Friday, March 6, 2015
The Idea of Order
I couldn't get out of bed this morning. Sleep clung to me like an embryonic sac. Now I am rushed to set the house in order before the Wrecking Crew arrives. There is much to do and little time. This is no way to begin a vacation. I want simply to relax.
Life got weird yesterday. I was forced to choose between two things, and of course the choice I made seems perhaps the wrong one this morning. I remember being in a similar situation many, many years ago, and in the end I ran away to Key West to be away from it all. I lay on the cement sea wall at Mallory Square (this long before the carnival ships and circuses that are there now) under the moon and the stars, the boat lights twinkling in the channel where the sailboats swung at anchor, the air rich and thick, thinking about two women. I was alone, I thought, as was everything around me, and my heart swelled inside me until I knew that my chest could literally not hold it, and I wept and wept there where no one could see me, a solitary figure in the dark.

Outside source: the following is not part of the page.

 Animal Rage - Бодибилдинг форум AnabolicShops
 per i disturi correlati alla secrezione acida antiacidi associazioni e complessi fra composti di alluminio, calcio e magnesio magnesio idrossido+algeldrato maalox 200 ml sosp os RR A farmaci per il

The next day, I met a girl. She was a true beauty, a small blonde who was half hippie, half rich white girl. She had just returned from India where she said she had gone to beat a heroin habit. She was sitting at a table next to ours on the beach, shirtless, drinking a daiquiri. A man and his wife obviously from the great white north walked by. The man's mouth was agape and he couldn't quit looking. The girl said something snarky that embarrassed him, and I, hero of the common man, took umbrage.
"Why would you do that? He is from Iowa. He's never seen a girl sitting at a table on the beach drinking a daiquiri before in his life. By tomorrow, his wife's titties will be sunburned and they will believe they are in paradise. But today, he is just a fellow who has never seen a nice pair of titties sitting in the public sun. You're a mean girl."
That night, she was riding around town on my handlebars leaning back into my chest smelling like patchouli and softly whispering things that thrilled me. She stayed with me in my cheap hotel room and we made love in a way that I still remember. It was one of the most romantic things that has ever happened to me in my life.
But this morning, it doesn't feel as if I will ever be that lucky again. I have a doomsday sense about me. It always feels like you've just been in your last rodeo. It is not always true, and sometimes a girl ends up on your handlebars smelling of all the beautiful hippie herbs in the universe. Sometime or other, though. . . .
I have a week off now. Perhaps I should drive south and find some seawall to lie upon. I could try to remember Wallace Stevens' "The Idea of Order at Key West." I remember what it means, of course, the creative act of ordering the world, of making meaning. I am just afraid I would remember "The Love Song of J. Alfred Prufrock" by that hideous Mr. Elliot instead.